In Swift, you can add a protocol extension with such a constraint.
extension MyProtocol where Self: MyOtherProtocol {
// MyProtocol impl
}
But, this doesn’t automatically apply the implementation for all MyOtherProtocol
implementors. You still need to extend your types specifically and mark them like:
extension MyStruct: MyProtocol {}
This hasn’t become a big deal for me yet, just saying.
Otherwise, protocols are quite cool. There’s a protocol for hashing, equality and iteration (just like Rust), and there are others like one for types that could be raw values, encoding and decoding.
Then, there’s Codable
which unifies serialization and deserialization (again, built into Foundation). The problem is that it’s not even close to serde, which is the commonly used encoding / decoding lib in Rust.
In serde, you can do almost anything with a bunch of attributes (you rarely need to write custom code), which is a great perk for using a statically typed language, whereas in Swift, let it be skipping a property, managing a particular property on your own or performing additional validation, anything that deviates even a little requires custom code. It’s not hard to write, but it’s difficult to maintain - whenever you alter the structs, you need to modify that custom implementation. It’d be nice if it could be done with less effort.
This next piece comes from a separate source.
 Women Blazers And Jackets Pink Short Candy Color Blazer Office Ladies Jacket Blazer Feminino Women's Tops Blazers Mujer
If there’s one thing I like about Swift protocols, it’s automatic box’ing (another perk of managed languages). In Rust, you need to specify the pointer which holds a particular trait object. I don’t want this to change. It’s always been and should always be that way in Rust (I need to know whether I’m using Box
, Arc
or a simple reference), it’s just that it’s sometimes annoying (depending on the use case) to box stuff on our own when you’re dealing with trait objects.
Packaging
Swift Package Manager reminded me of build scripts in Rust, because you write in Swift to build your Swift package, and I like it. But, there’s no central registry upon which SPM relies on (like crates.io for cargo). Instead, it needs Git. In order to specify a package as a dependency, you have to specify the URL of a git repo, and versions are based on tags. That said, you can specify a branch / revision in that repo, or simply use your local path - everything works, so I haven’t had any trouble with it.
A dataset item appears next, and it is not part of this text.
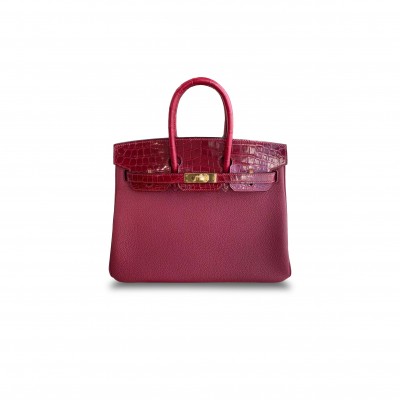 HERMÈS MASTER BIRKIN 25 CROCODILE AND TOGO LEATHER RED BAG GOLD BUCKLE H076216CK54 (25*20*13cm)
I also liked SPM’s model - a package has a name, a number of products (libraries and executables), dependencies and targets. Products depend on targets. Tests are part of targets (called test targets). This means, a package can output any number of executables and libraries, and tests can be located anywhere (typically they’re inside Tests/
in project root). In Rust, we can use workspaces to output multiple products, but unit tests cannot exist elsewhere.8
The Future
I think Swift and Rust have a number of similarities in their features (other than the obvious differences).9 I have a blind wish that it gets procedural macros from Rust at some point!
Anyway, it didn’t require much effort for someone coming from Rust to get into Swift (but I guess that’s the case for jumping from Rust into any other language, because well… we’ve learned from the master!). I like the way things are in Swift right now, and I’m looking forward to where it’s headed.
If I were to write a web service today, then Swift will be my choice without any second thoughts.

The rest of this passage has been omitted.